Setting out the BBC’s stance ahead of negotiations over the renewal of its Royal Charter in 2016, Lord Hall said: “We’ve always said that the licence fee should be updated to reflect changing times. I welcome the committee’s endorsement of our proposal to make people pay the licence fee even if they only watch catch-up television. The committee has suggested another route to modernising the licence fee – a universal household levy.
Lord Hall says the proposal will ensure that the Corporation retains its global influence
“Both proposals have the same goal in mind: adapting the licence fee for the internet age.

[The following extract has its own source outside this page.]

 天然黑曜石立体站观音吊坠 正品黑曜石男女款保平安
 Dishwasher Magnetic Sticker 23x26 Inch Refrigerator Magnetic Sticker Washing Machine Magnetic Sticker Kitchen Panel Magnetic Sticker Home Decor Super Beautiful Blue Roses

I believe we need and we will need what the licence fee – in whatever form – makes happen more than ever. ”
Well, you would say that, wouldn’t you?
But what do the customers want? The consumers..? Remember them?
The Director-General will warn that a BBC forced to reduce the size and scope of its services as it competes against digital platforms offered by the likes of Google, Apple and Netflix would be fatally diminished.
His speech claims: “The BBC is at a crossroads. Down one path lies a BBC reduced in impact and reach in a world of global giants. Damaging the UK’s creative industries. A sleep-walk into decay for the BBC, and Britain diminished as a result. Which means a UK dominated by American taste-makers.
“Down the other path is a strong BBC helping bind the country together at home and championing it abroad. A British creative beacon to the world. Providing a universal service for a universal fee. An internet-first BBC which belongs to everyone.”
Does it? I thought it belonged mainly to those who want to run down any aspect of ‘Britishness’ in favour of pandering to the elites that comprise their higher echelons of management.
That’s certainly how it acts, anyway.